Seemed as if she somehow knew what he was saying at those times, for Hannah would eventually come up to stand over him, lowering her nose right against him softly, her big eyes half-closed, twitching those peaked ears of hers as if in apology for her childish stunts. Lord, if she didn’t know just how to get herself back on his good side again.

As if he could ever be angry enough with Hannah to kill her. Maybe a man like Silas Cooper could have shot her easy as spitting … but not Titus Bass.

The days continued their march into autumn, each one imperceptibly shorter than the one before it. The mornings grew colder, a film of ice forming in the kettles and at the edges of the creeks until enough of the high, glorious light warmed them each day. Even a blind man would know that summer was over, that the seasons had turned, that they were beginning their headlong tumble toward winter.

A man with a good nose would surely know. Autumn mornings had their own unmistakable fragrance—that sharp, crisp tang to the air. The smell of this high country dying, or its life already dead for another cycle of the year. Grasses and brush had grown dry and brittle beneath the increasing bite to every breeze that knifed its way down
from the high and hoary places. It smelled of winter on its way.

Autumn advanced with an amazing swiftness above their camp on every mountain slope. Each morning he found the descending line of gold-smitten aspens had inched a little farther down the hillsides toward the valley floor … as if autumn were creeping down upon them from above, a few yards more every night.

No more were there any of the hardy wildflowers tucked back in the protected meadows—swept away by the falling temperatures and the harshness of the winds, joining the summer-browned grasses in parched oblivion. Each day brought the deer and elk farther down the forested slopes toward the safety of their winter pasture in the valley. And these days of waning light brought the constant accompaniment of whistling elk calling other bulls to combat, or the slapping crack of bucks’ antlers locking, twisting, slashing in an ages-old combat. Males battling for the right to the harem, that struggle played out on the nearby slopes of dark pine-green and sun-splotched gold quakie.

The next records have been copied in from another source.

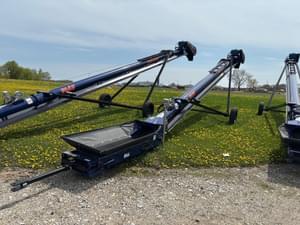 2024 Norwood 1843 Image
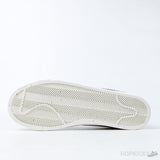 Nike Blazer Low '77 Vintage Black White - Photo 5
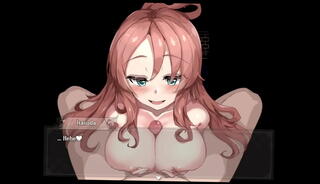 Video 1656211255: hentai fetish, small tits hentai, big tits hentai, hentai cum, hentai cumshot, hentai game cute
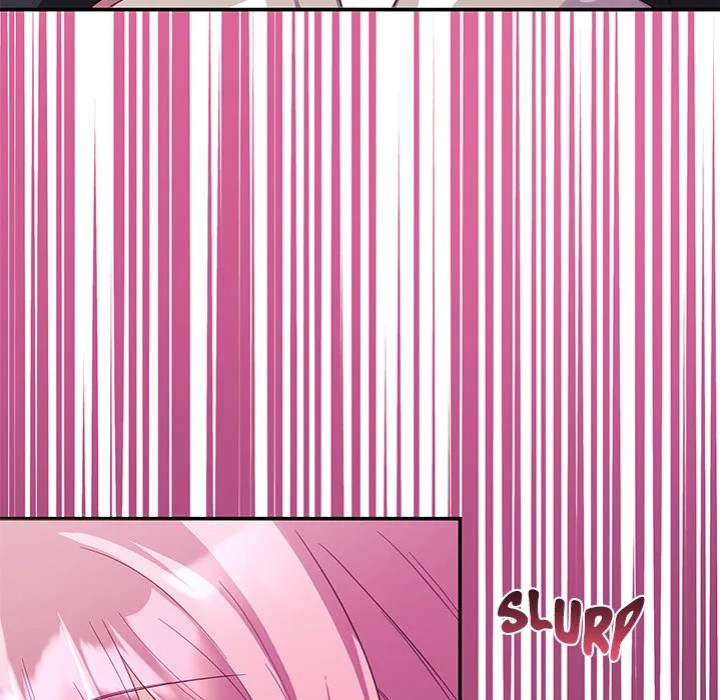 My Wife is a VTuber 108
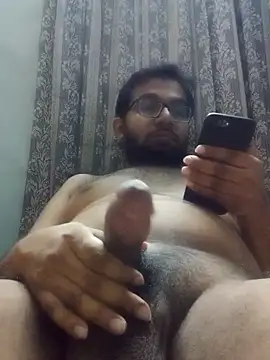 Snapshot of akash125800 chatting on 09.21.25 akash125800 online show from 09.21.25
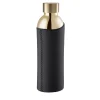 B Bottle Black 500 ml Thermal Bottle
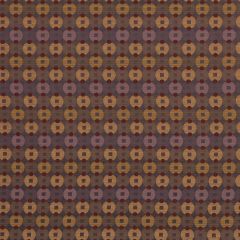 Robert Allen Contract Grand Circle Pansy Indoor Upholstery Fabric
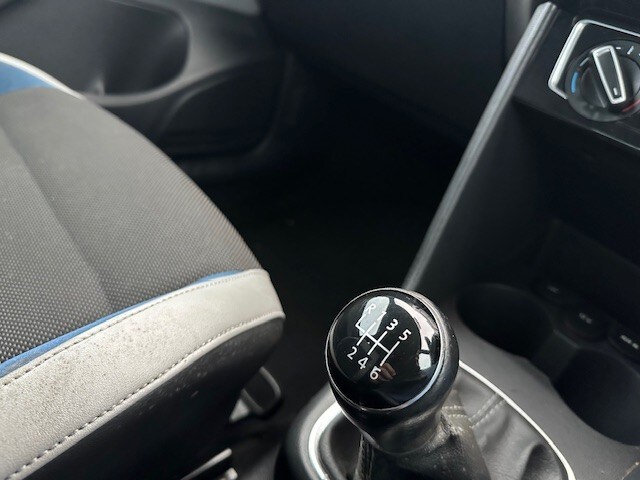 Used Volkswagen Polo 2015 for sale - 78149610: Photo 15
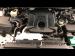 Toyota Land Cruiser Prado 2.8GD VX-L - Thumbnail 14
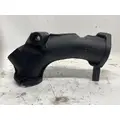 MACK MP7 Engine Parts, Misc. thumbnail 3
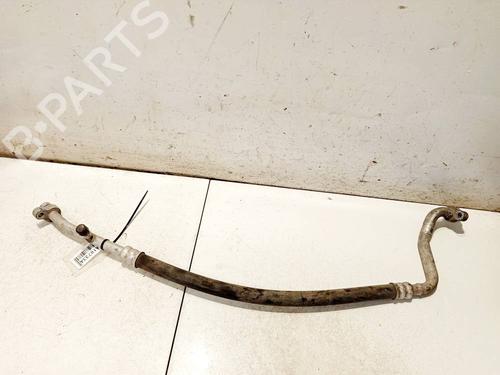 Used AC pipe AC pipe 38574643 38574643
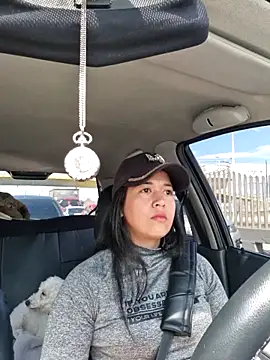 Snapshot of lady_hot2xx chatting on 23, 9, 2025 lady hot2xx online show from 23, 9, 2025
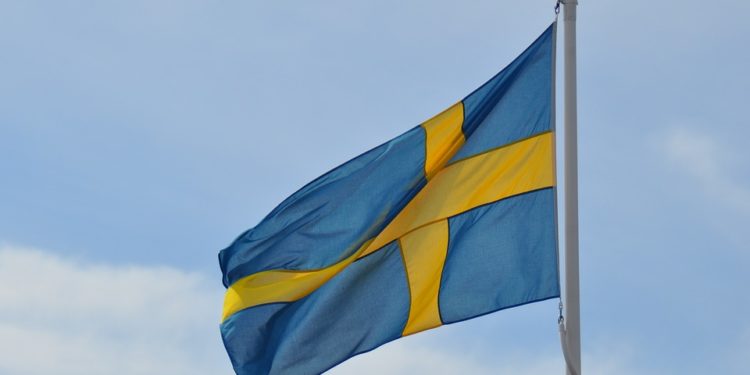 Attentat à Stokholm : Au moins cinq morts et une quinzaine de blessés.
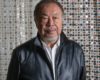 Ai Weiwei Relives His Detention in 24-Hour Long Performance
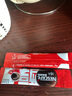 雀巢（Nestle）醇品黑咖啡无蔗糖添加美式速溶纯苦咖啡粉固体冲调饮品到26年10月 黑咖啡86.4g*2盒+那岸黑咖2g 实拍图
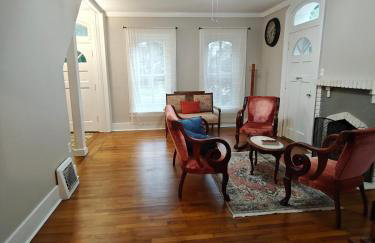 Italian charm villa - Foto 3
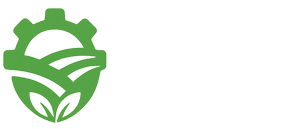 WTSI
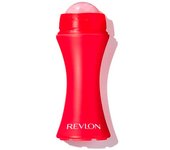 Skin Reviving Roller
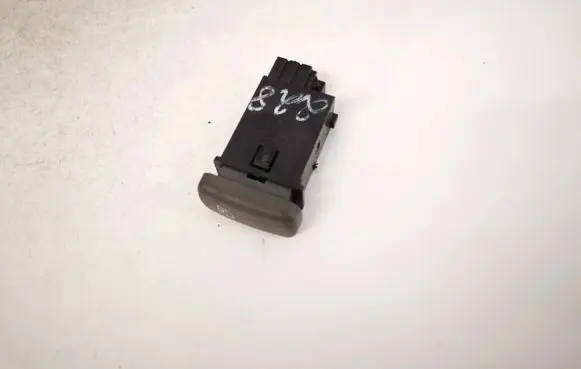 Volvo S40, V40 Electric window control switch 30864307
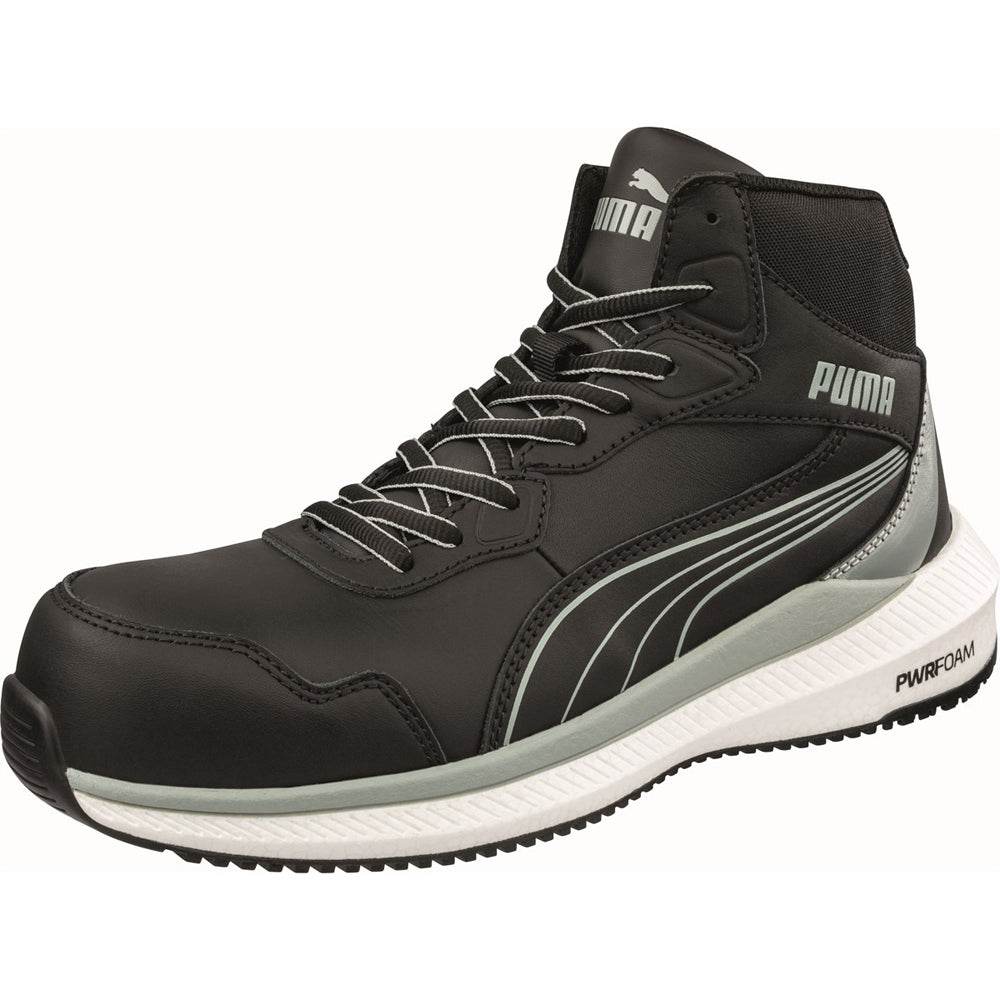 635030_ZOOM_BLACK_MID_single - Bobobiy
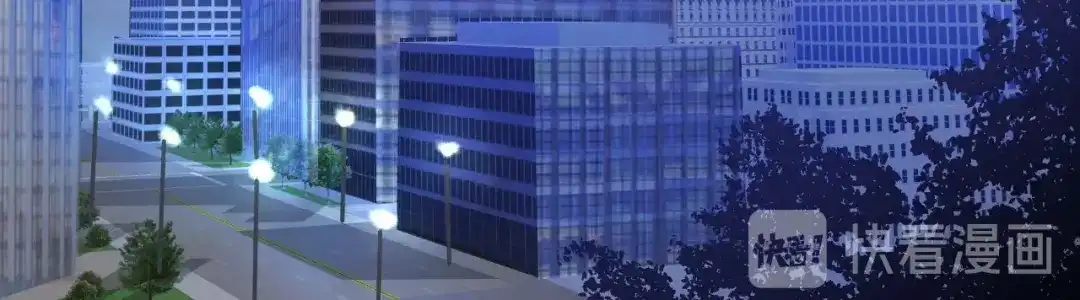 《与爱有关》第76话 真实的心意 第99页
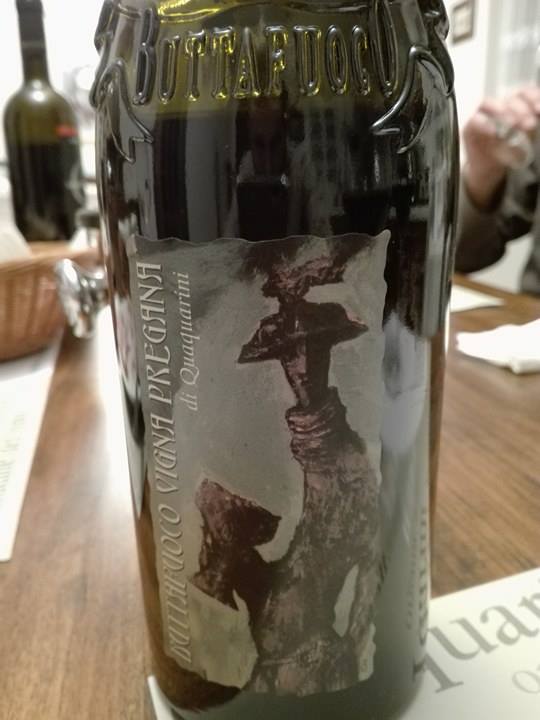 quaquarini vino oltrepo pavese bonarda classese buttafuoco sangue di giuda ughetta canneto 10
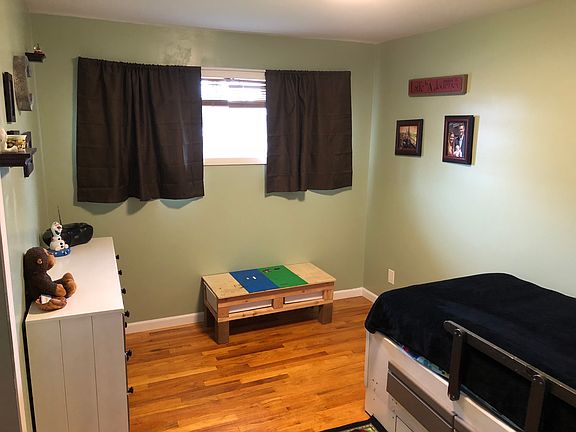 4th image of 3306 W Rosewood Ave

Farther below in the valley itself, the cottonwood and willow would be the last to give way before the mysterious forces of nature and time and season. But ultimately their leaves began to shrivel with age, dried with the passage of time and the invisible hands of nature’s clock. Trees stood bare, stark, and skeletal against the golden, browning backdrop of the hills. Autumn’s breath was seizing hold of this land.

And so much of the rhythm of life appeared to grind slowly to a halt like a miller’s wheel brought rumbling to a stop by an unseen hand.

Yet as suddenly as life seemed to breathe its last, the Bayou Salade burst into frenetic activity across a week or more. Swarms of migratory birds blackened the skies now. Over the lower peaks and passes, formation after formation of the spear-headed migrations paraded across the crystal-clear autumnal blue. Each formation transformed itself from black specks spotted far off in the sky to become a low-swooping V of geese and ducks, angling in to
settle across the ponds and still water of the valley with a thunderous concert of honking and splashes. First the longnecks circled, their heads craning, searching for a landing spot before making their long, graceful figure-eight loop across an open spot of marsh water. Then the huge geese slanted down in formation, banking sharply before they hit the skylit water, kicking up rooster tails of spray, squawking to one another, to the ones they were joining, or to those still descending from the sky above.